The historical figure

Sima Qian's Records of the Grand Historian, written in the first century BCE, places Zhuang Zhou at Meng, a city in the small state of Song in what is now eastern Henan. He is reported to have served briefly as a minor lacquer-garden official before withdrawing from public life. King Wei of Chu is said to have offered him a chief ministership. Zhuang Zhou is said to have declined, asking whether he would rather be a tortoise dragging its tail in the mud or an ornamented one in a royal shrine. The historical density of the report is low. What is securely attributed to him is the Inner Chapters of the text that bears his name. The Outer Chapters and Mixed Chapters are widely treated by modern philology as additions by later writers in the same school. The composite character of the text does not diminish the central voice. The Inner Chapters alone would be enough to place Zhuang Zhou among the most original philosophical writers in any language.

What the parables do

The Zhuangzi proceeds by story. Cook Ding cuts up an ox in such a way that his knife stays sharp for nineteen years. He manages this not by exerting force but by finding the spaces already in the joint. The swimmer at the cataract above Lü Liang plunges where no fish should survive. Asked how he does it, he explains that he has no method: he was born on dry land and used dry land, raised in the water and used the water, and follows what is given without asking why. Both are demonstrations of wuwei, action that does not strain against the grain of what is happening. The text's deeper move is on the prior question of who or what is doing the not-straining. Zhuang Zhou's butterfly dream is the locus classicus: I do not know whether I am Zhuang Zhou who dreamed I was a butterfly, or a butterfly now dreaming I am Zhuang Zhou. This is not a sceptical puzzle to be solved. It is a demonstration of the question's own ground. The categories held as fixed (waker and dreamer, self and other, this and that) are themselves productions of the perspective from which they are held. The Qiwulun (On the Equality of Things, the Inner Chapters' second piece) develops the same recognition into a sustained argument: every position relativises every other, including its own.

Influence

Zhuang Zhou's afterlife is hard to disentangle from Lao Tzu's. The Tao-chia school of pre-imperial China treated the two as a single intellectual current. The religious Tao-chiao tradition later deified Zhuang Zhou as the Southern Marchmount, a status the Inner Chapters themselves would presumably have found absurd. When Buddhism arrived from India in the first centuries CE, Chinese translators borrowed Zhuangzian vocabulary alongside Lao Tzu's to render Sanskrit terms. The Zen tradition that emerged from this hybrid retains a recognisably Zhuangzian comic sense. The kōans of the original face before parents were born, the sound of one hand, and the master who burns the Buddha-statue to keep warm sit closer in temperament to the Zhuangzi than to any Indian Buddhist source. The text's argumentative mode also fed the Neo-Daoist xuanxue movement of the third century CE and, through Guo Xiang's surviving commentary, into a thousand years of later Chinese reading.

In the index

The standard English Zhuangzi is the place to begin.
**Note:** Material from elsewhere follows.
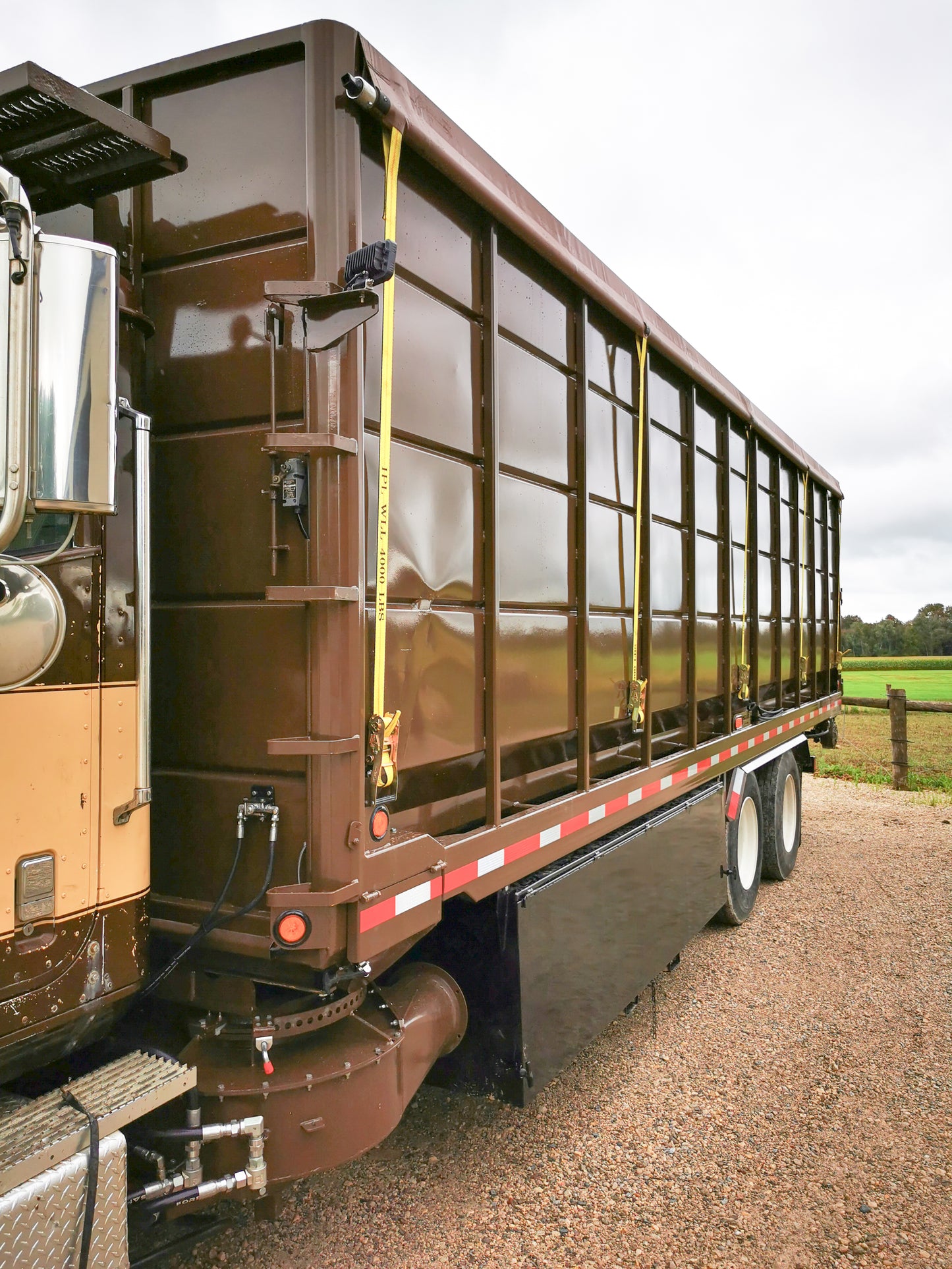 Truck Mounted Wood Chip Container and Blower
Most readers encounter the Inner Chapters via Burton Watson's translation or A. C. Graham's more philologically careful selection. The Outer and Mixed Chapters repay later reading once the central voice is recognisable. Alan Watts is the index's most-present English-language interpreter of the broader Taoist current: Philosophy of the Tao, Part 1 reads several passages alongside the Tao Te Ching, and The Taoist Way is the long single lecture that returns repeatedly to Zhuangzian parable. The Way of Zen traces the recognisably Zhuangzian temperament that Chinese Chan inherited and Japanese Zen carried forward: the comfort with paradox, the suspicion of striving, the preference for demonstration over doctrine. The Tao Te Ching is the obligatory companion volume. The two texts annotate each other, and reading either without the other is reading half the conversation.